Druid + Tranquility
Smart clients with Scala, Finagle, and Curator
These notes are my own, and only contain a rough approximation of the talk. All of the good ideas belong to the presenter and the errors are my own. Video will eventually appear @ http://www.meetup.com/SF-Scala/events/213630542/ according to the organizers
They wanted to be able to interact with arbitrary time series values at very high scale and very high efficiency. They wanted
- Arbitrary and interactive exploration
- Multi Tenancy with thousands of concurrent users
- Recency matters, they often needed to alert on major changes.
- Scalability & Availability really mattered for these products.
The first few attempts at a solution where using hadoop to pipe all of the data as an RDBMS, then a NoSQL K/V stores split amoung a number of dimensions, then they considered but didn't actually pipe them into commercial databases.
- Started in 2011, open sourced in 2012, ~40 contributors.
- Designed for low latency ingestion and aggregation
- ~1 queries on very large datasets.
Flat files, timestamps are truncated, grouped by over string columns, and aggregate numeric columns.

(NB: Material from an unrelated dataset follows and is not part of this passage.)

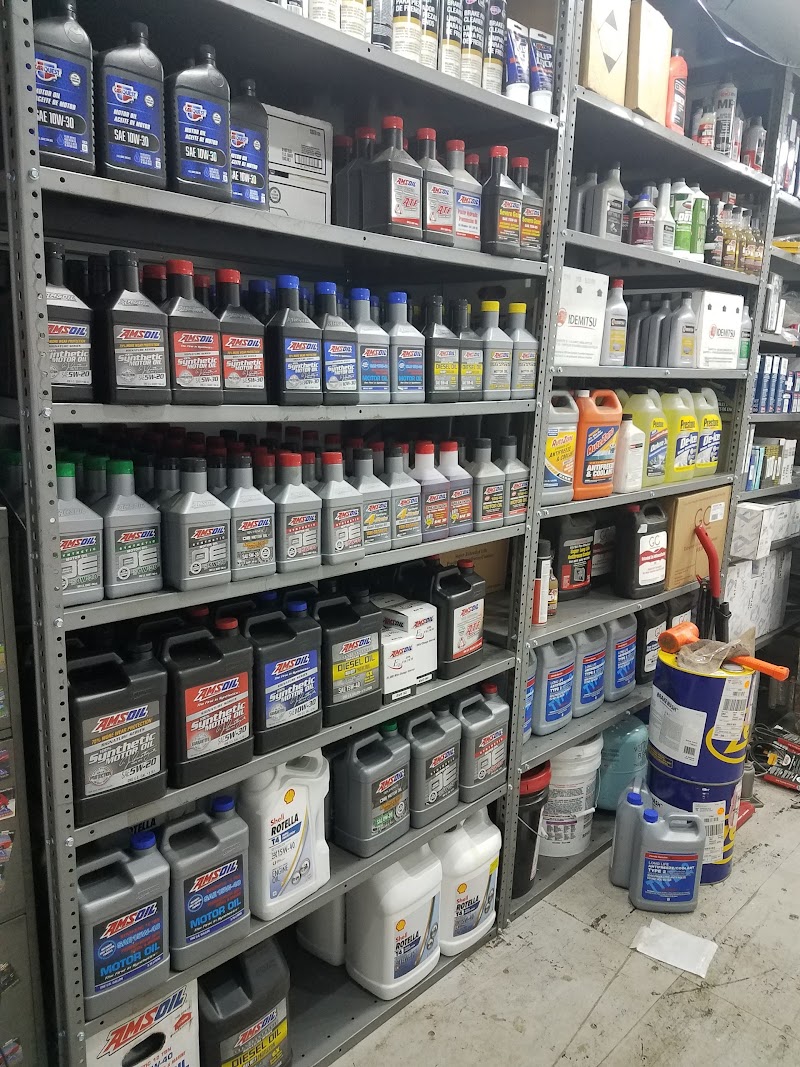 Ausbrooks Auto & Machine LLC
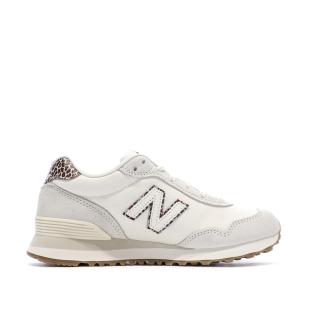 Baskets Beiges Femme New Balance 515 vue 2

Data is stored in immutable chunks which also have thread affinity. They use a column orientation so they can only select the data they need.
Data Producers -> Streams Druid Realtime Workers -> Segment Handoff -> Historical Collector
Real Time Ingestion Streams are pushed to an incremental index, then a partial segment on desk, followed by a merged segment which is stored on disk
Tranquility requests some workers from an "overlord". The overlord
gives them some worker ids and the pushes partitioned, replicated data to those workers. It finds the overlord via curator, which they extended finalge to contact overloard semi directly.
Split batches are rolled up by timestamp and dimensions and distribute this data to all of the replicas in that partition. They're sent via Finagle async http post futures.
They use distributed locking with Curator and then use the metadata to coordinate tasks. [I didn't completely understand the exact purpose of this piece of the talk.]
- Druid was built to power interactive applicaitons
- Druid handles ingestion and querying of data segments.
- Tranquility handles partitioning, replication, and coordination.